__Provided records__
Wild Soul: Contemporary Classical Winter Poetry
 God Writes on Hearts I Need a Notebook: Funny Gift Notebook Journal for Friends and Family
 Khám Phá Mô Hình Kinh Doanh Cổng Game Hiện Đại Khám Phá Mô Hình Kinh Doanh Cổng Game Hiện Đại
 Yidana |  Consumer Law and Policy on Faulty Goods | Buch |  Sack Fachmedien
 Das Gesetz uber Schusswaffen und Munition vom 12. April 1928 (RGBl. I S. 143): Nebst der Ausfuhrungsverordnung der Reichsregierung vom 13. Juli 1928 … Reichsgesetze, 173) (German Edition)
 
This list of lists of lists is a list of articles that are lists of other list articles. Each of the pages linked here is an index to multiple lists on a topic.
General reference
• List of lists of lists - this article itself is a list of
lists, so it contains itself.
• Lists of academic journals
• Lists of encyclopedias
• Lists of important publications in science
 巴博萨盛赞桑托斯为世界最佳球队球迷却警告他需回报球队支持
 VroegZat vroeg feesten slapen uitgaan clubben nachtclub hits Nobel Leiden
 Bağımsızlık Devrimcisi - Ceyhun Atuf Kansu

__Your goal__
Show each line of the data that contains the string "itself".

__Answer box__
• List of lists of lists - this article itself is a list of
lists, so it contains itself.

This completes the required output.